Пересказывать роман «Числа» и сопутствующие ему байки утомительно и скучно. (Скучнее, пожалуй, только их читать.) Объяснять, как именно Пелевин обхамил «Вагриус», значит становиться с ним на одну доску и множить грязь. (Ознакомившись с аллюзионными пассажами, испытываешь мощное желание принять душ и почистить зубы.) Анализировать слог предоставим лингвистам: они люди терпеливые, может, и обнаружат, чем это безъязычие отличается от среднепереводческого, среднелоточного, среднеинтернетовского. Указать на пару-тройку удачных «кавээнных» острот (пародийных слоганов в духе «Generation») нетрудно, но бессмысленно: удачно сострить иногда удается и Шендеровичу, и Вишневскому, и, наверно, даже Петросяну. Вникать в суть тинэйджерской философии — невольно подыгрывать «мыслителю», зацикленному на трех аксиомах: а) в мире нет ничего, кроме грязи, лжи, порносайтов и башлей; б) как ни крутись, тебя непременно кинут; в) в последний момент «просветленному» заместителю Виктора Пелевина (неизменному герою его прозы) все-таки удастся выпрыгнуть из тотальной лажи и устремиться к свету Внутренней Монголии (и/или Шенгенской зоны). Вести с ним полемику и объяснять, почему его глумливая, вихляющаяся и безответственная болтовня удачно впаривается не только клубным мальчикам пелевинской стати, но и иным вменяемым людям — увольте. Писал я про «Жизнь насекомых» в 93-м году, про «Чапаева и Пустоту» — в 96-м, про «Generation “П” — в 99-м. Хватит. Есть на такой случай бессмертные некрасовские строки: И погромче нас были витии,/ Да не сделали пользы пером…/ Дураков не убавим в России,/ А на умных тоску наведем.

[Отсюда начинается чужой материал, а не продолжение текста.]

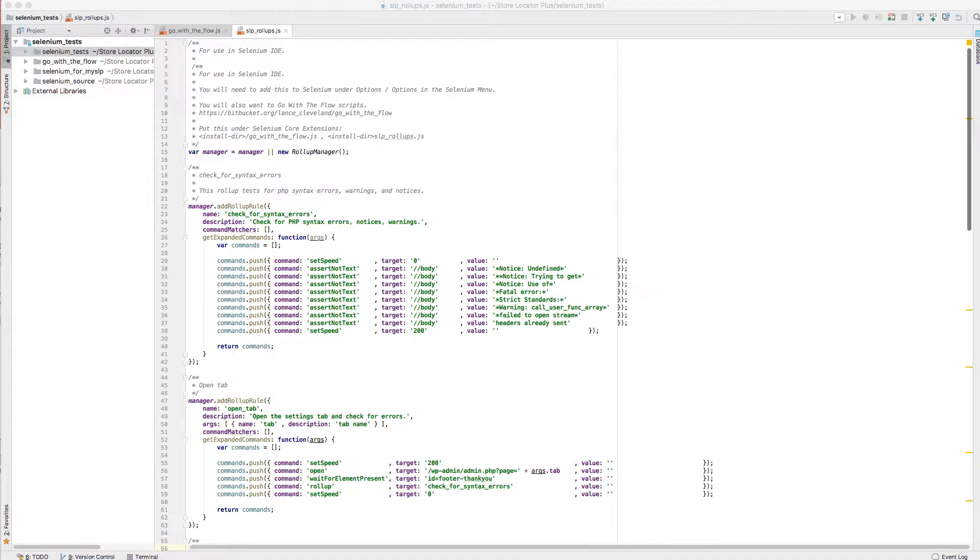Hello, this is Lance Cleveland. Today I'm going to go over some of the testing tools that I use to test my WordPress plugins for StoreLocator Plus.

P. S. Специально для знатоков литературного быта и искателей подоплек. Вам интересно, заметил ли я плевок в свой адрес? Заметил, грамоте обучен. Жест для Пелевина естественный. И не новый. Я не раз (см. выше) негативно писал о его текстах — почему бы ему не отплатить мне хлестким словцом? Чем я лучше (хуже) Павла Басинского, которого Пелевин сходным манером пытался оскорбить в «Generation “П”»? Если с рук сходит расчетливое хамство в адрес председателя букеровского жюри, чьей раритетной фамилией был отмечен главный негодяй «поколенческого» романа (как же трепетно кудахтала о «случайном совпадении» интеллигентнейшая адвокатура Пелевина, словно не замечая «антибасинской» выходки в том же опусе! о дивный новый мир!), то почему бы не полить помоями не только въедливых критиков (в конце концов это обычная литературная борьба), но и издательство, столько лет носившееся с Пелевиным, как с писаной торбой?